The news travelled around the world: the child refused an abortion by both a district court in Chandigarh and the Supreme Court of India, in both cases on the grounds that abortion was too risky at 28 weeks and then again at 32 weeks, was delivered by c-section last week and will be kept in hospital for some 10 days. Although the hospital was reported to say that the child and the 2.2kg premature infant were both “doing fine”, the facts are other: The girl was put through major surgery. She was told a large stone had to be removed from her stomach. How will she feel when she is old enough to know better? Her abusive uncle is in prison. Her parents are shattered from the discovery of the abuse, the publicity the story generated and two failed court cases in which the girl’s interests were the least important item on the agenda and the facts about the safety of abortion at 28 weeks of pregnancy were absent.
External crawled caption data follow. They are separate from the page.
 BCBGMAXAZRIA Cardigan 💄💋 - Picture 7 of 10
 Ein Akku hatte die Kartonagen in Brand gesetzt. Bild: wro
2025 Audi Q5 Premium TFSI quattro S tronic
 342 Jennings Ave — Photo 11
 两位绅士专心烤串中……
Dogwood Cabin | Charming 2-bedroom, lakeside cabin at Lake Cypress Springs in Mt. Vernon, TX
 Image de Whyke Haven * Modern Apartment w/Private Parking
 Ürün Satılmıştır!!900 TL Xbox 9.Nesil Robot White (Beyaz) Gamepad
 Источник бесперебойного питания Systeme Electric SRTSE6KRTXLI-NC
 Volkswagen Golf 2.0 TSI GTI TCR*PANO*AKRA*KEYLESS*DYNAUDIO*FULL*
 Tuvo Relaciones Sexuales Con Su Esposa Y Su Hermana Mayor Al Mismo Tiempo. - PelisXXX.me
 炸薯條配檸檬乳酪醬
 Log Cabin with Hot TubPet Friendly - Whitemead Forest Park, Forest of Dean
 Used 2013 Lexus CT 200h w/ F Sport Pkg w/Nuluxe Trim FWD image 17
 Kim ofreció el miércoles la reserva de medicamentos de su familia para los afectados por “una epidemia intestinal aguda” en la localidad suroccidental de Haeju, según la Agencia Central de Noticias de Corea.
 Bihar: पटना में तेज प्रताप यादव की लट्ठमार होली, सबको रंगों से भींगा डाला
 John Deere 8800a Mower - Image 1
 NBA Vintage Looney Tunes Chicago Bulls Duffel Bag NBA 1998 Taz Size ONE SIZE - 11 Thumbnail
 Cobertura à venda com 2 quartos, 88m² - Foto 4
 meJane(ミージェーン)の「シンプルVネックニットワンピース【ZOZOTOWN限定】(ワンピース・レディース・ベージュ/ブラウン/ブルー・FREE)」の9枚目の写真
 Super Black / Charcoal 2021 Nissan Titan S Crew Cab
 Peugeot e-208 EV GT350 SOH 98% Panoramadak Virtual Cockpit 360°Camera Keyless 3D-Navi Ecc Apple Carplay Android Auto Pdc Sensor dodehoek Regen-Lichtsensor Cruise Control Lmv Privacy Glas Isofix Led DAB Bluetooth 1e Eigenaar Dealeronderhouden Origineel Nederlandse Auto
The statistics on the scale of sexual abuse of children in India speak for themselves. The BBC reports that according to UNICEF and Indian government data:
> A child under 16 is raped every 155 minutes, a child under 10 every 13 hours
> More than 10,000 children were raped in 2015
> 240 million women living in India were married before they turned 18
> 53.22% of children who participated in a government study reported some form of sexual abuse
> 50% of abusers are known to the child or are “persons in trust and care-givers”.